8. Kangzhe Pharmaceuticals/Incyte Initiates Phase III Study of Ruxolitinib Cream for Vitiligo in China
Kangzhe Pharmaceutical has launched a Phase III clinical trial in China for ruxolitinib phosphate cream (commercial name: Opzelura) for the treatment of vitiligo. This randomized, double-blind, placebo-controlled, multicenter clinical trial (n=254) is designed to evaluate the efficacy and safety of ruxolitinib phosphate cream (100g/tube, twice daily) in treating patients aged 12 and above with non-segmental vitiligo (NSV). The primary endpoint of the study is the proportion of subjects achieving at least a 75% improvement from baseline in the Vitiligo Area Scoring Index for the face (F-VASI75 response) at week 24. Ruxolitinib is a small molecule JAK1/JAK2 inhibitor developed by Incyte, whose tablets (commercial name: Jakafi) were approved for marketing in the US in December 2011, with the cream following in September 2021. The tablets are indicated for polycythemia vera, myelofibrosis, and graft-versus-host disease, while the cream is indicated for atopic dermatitis and non-segmental vitiligo.
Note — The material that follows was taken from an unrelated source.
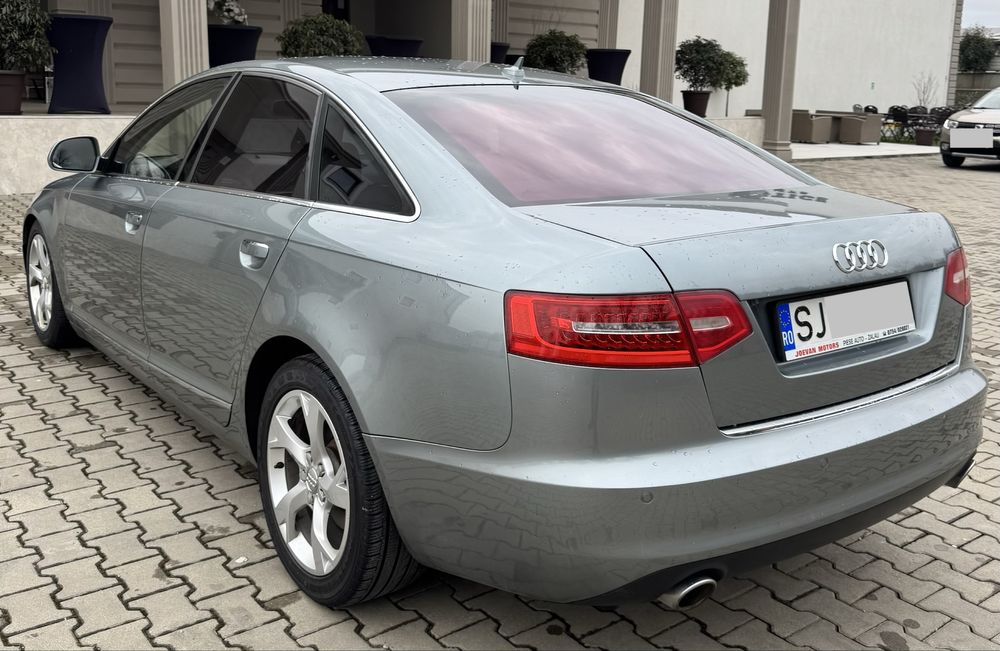 Audi A6 Facelift 2.0 Diesel 170 cp Suspensie pneumatica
In November 2009, Incyte and Novartis reached an agreement granting Novartis the right to develop and commercialize ruxolitinib outside the United States for hematologic malignancies only. Kangzhe Pharmaceuticals introduced the rights to ruxolitinib cream in China and Southeast Asia in December 2022. Given the significant clinical need among patients with vitiligo, sales of ruxolitinib cream have been performing well, with sales reaching $340 million in 2023. Vitiligo is a chronic autoimmune disease characterized by the loss of melanocytes, the pigment-producing cells in the skin. Studies suggest that over-activation of the JAK signaling pathway is closely associated with the occurrence and development of vitiligo.